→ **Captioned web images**
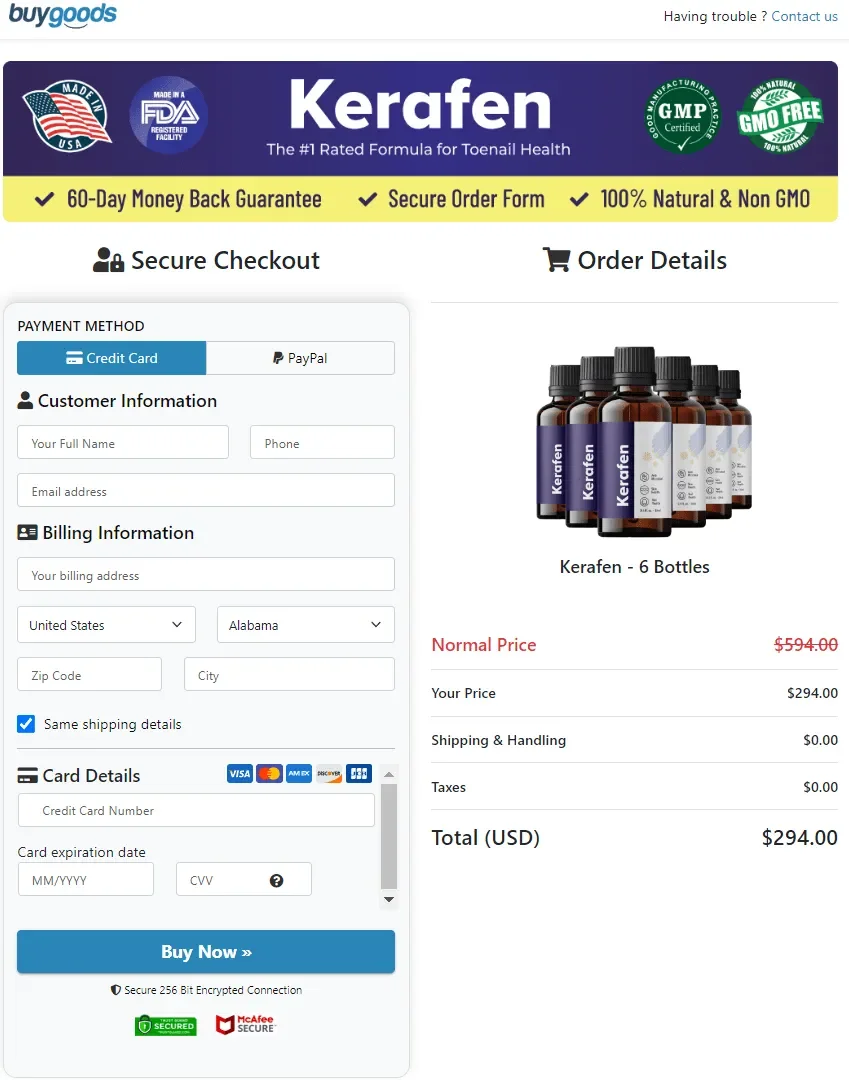 Kerafen order page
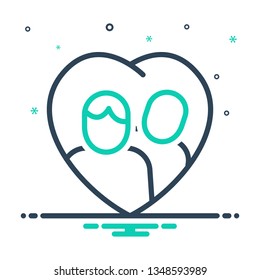 Colorful icon for relationship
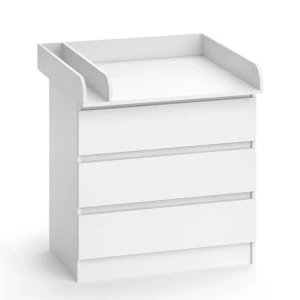 Commode à langer Emma Blanc 80x87cm avec 3 tiroirs Vicco
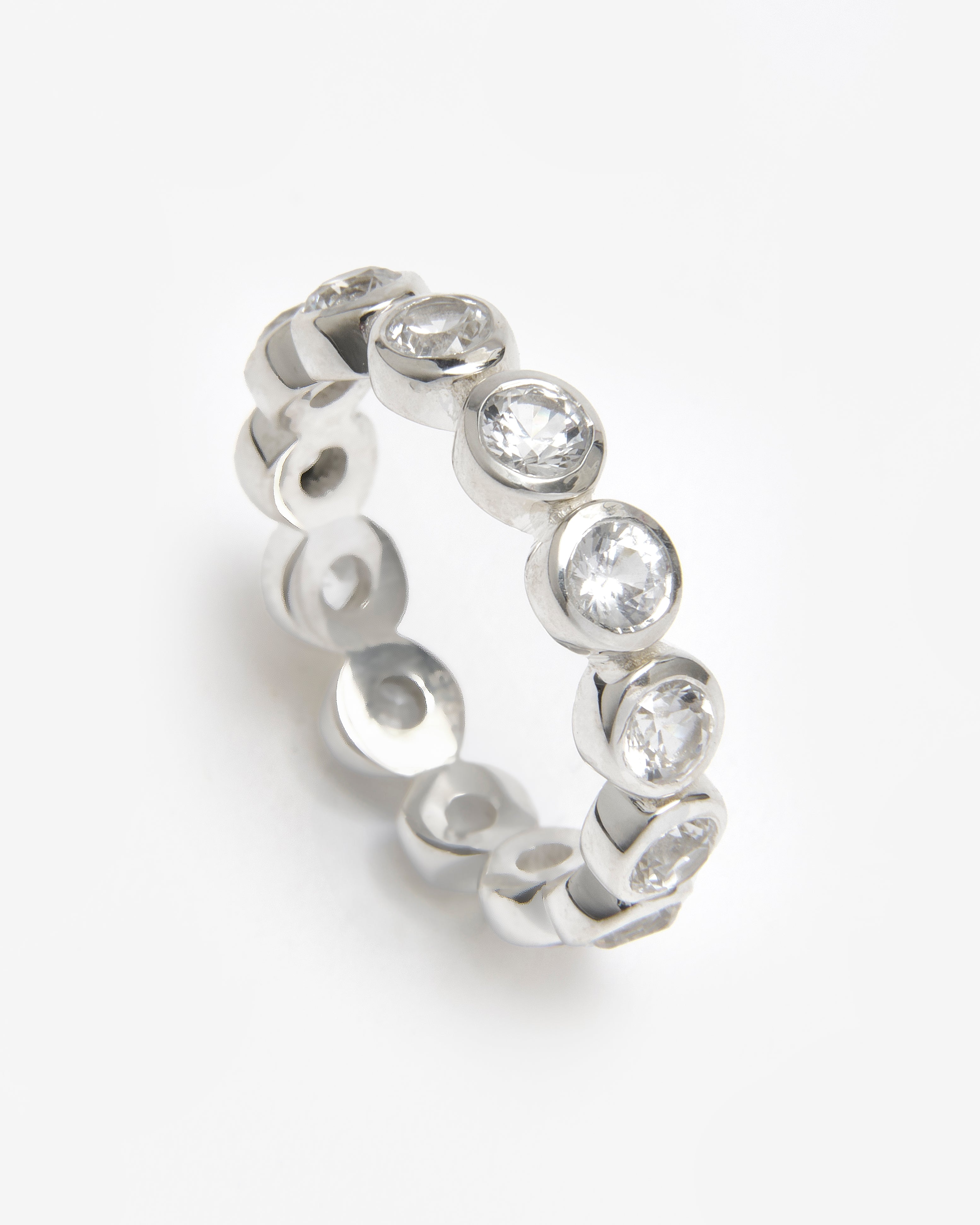 SILVER WHITE SAPPHIRE ETERNITY RING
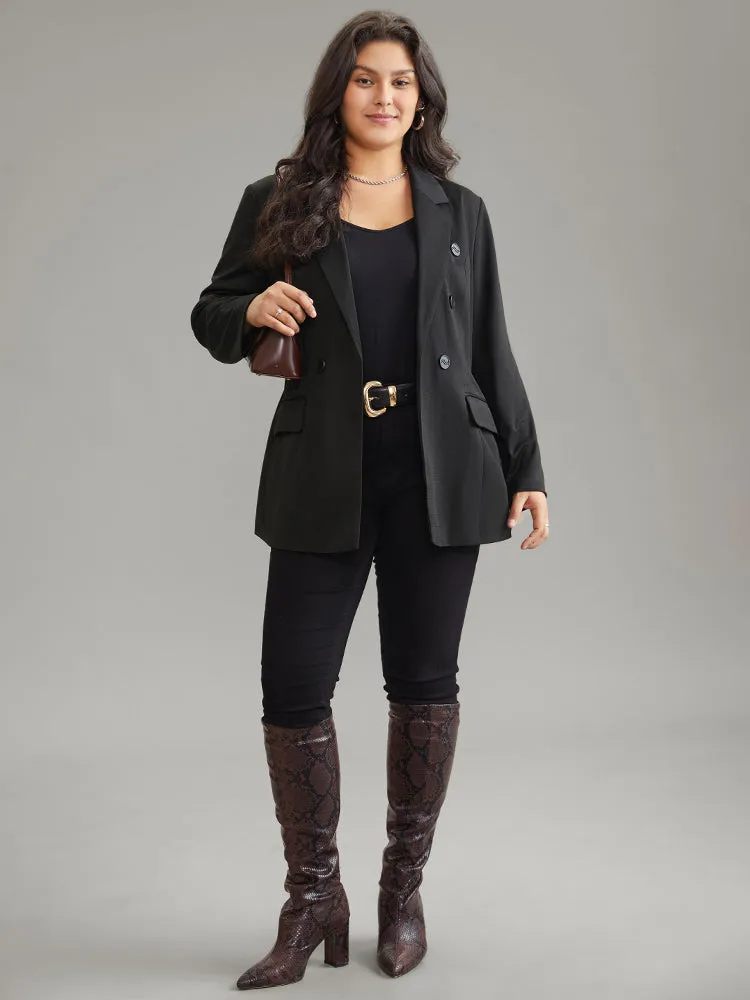 Plain Suit Collar Pocket Button Up Blazer sold by Bloomchic product image thumbnail 3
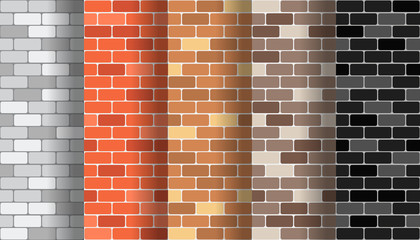 Collection of brick wall seamless pattern textures set - Vector  illustration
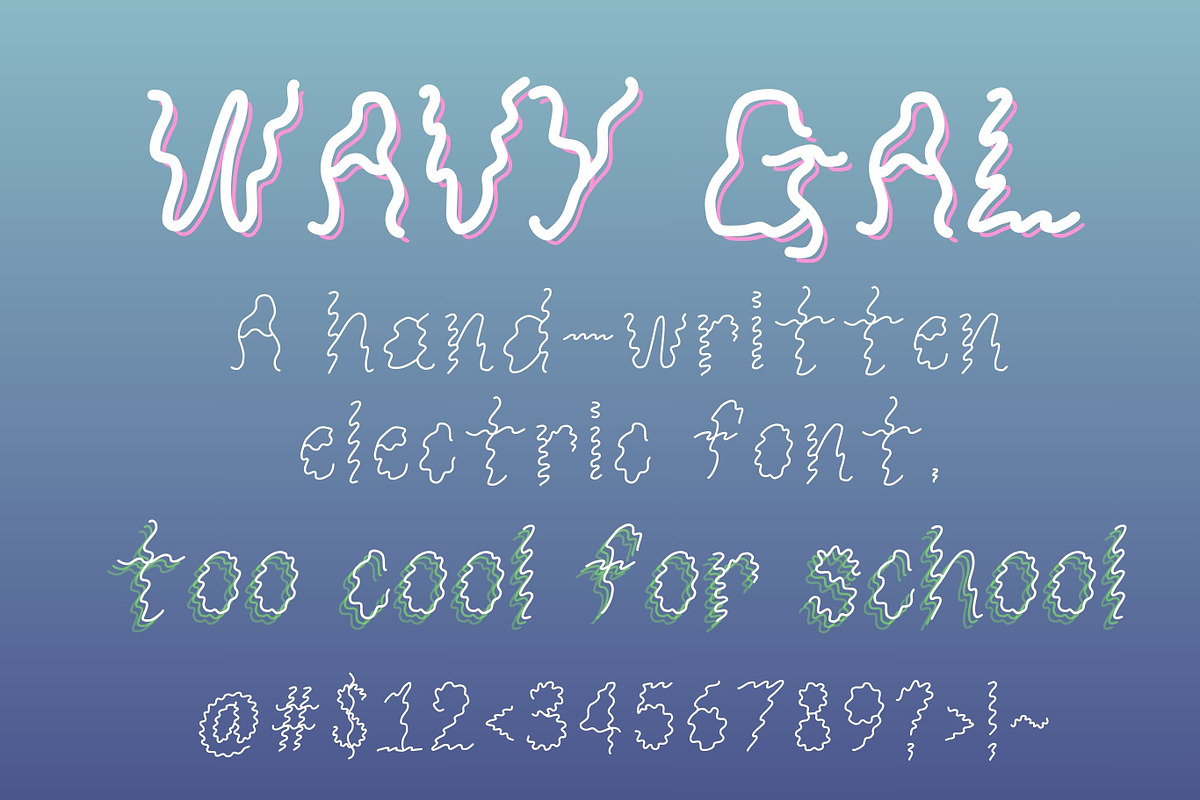 Ride The Wave/Wavy Hand-drawn font, a Handwritten Font by Eryn Rose Design (Photo 5 of 7)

→ **Instructions for the task**
The data above is to be printed exactly, all of it, except for the pictures.

→ **Output**
 Kerafen order page
 Colorful icon for relationship
 Commode à langer Emma Blanc 80x87cm avec 3 tiroirs Vicco
 SILVER WHITE SAPPHIRE ETERNITY RING
 Plain Suit Collar Pocket Button Up Blazer sold by Bloomchic product image thumbnail 3
 Collection of brick wall seamless pattern textures set - Vector  illustration
 Ride The Wave/Wavy Hand-drawn font, a Handwritten Font by Eryn Rose Design (Photo 5 of 7)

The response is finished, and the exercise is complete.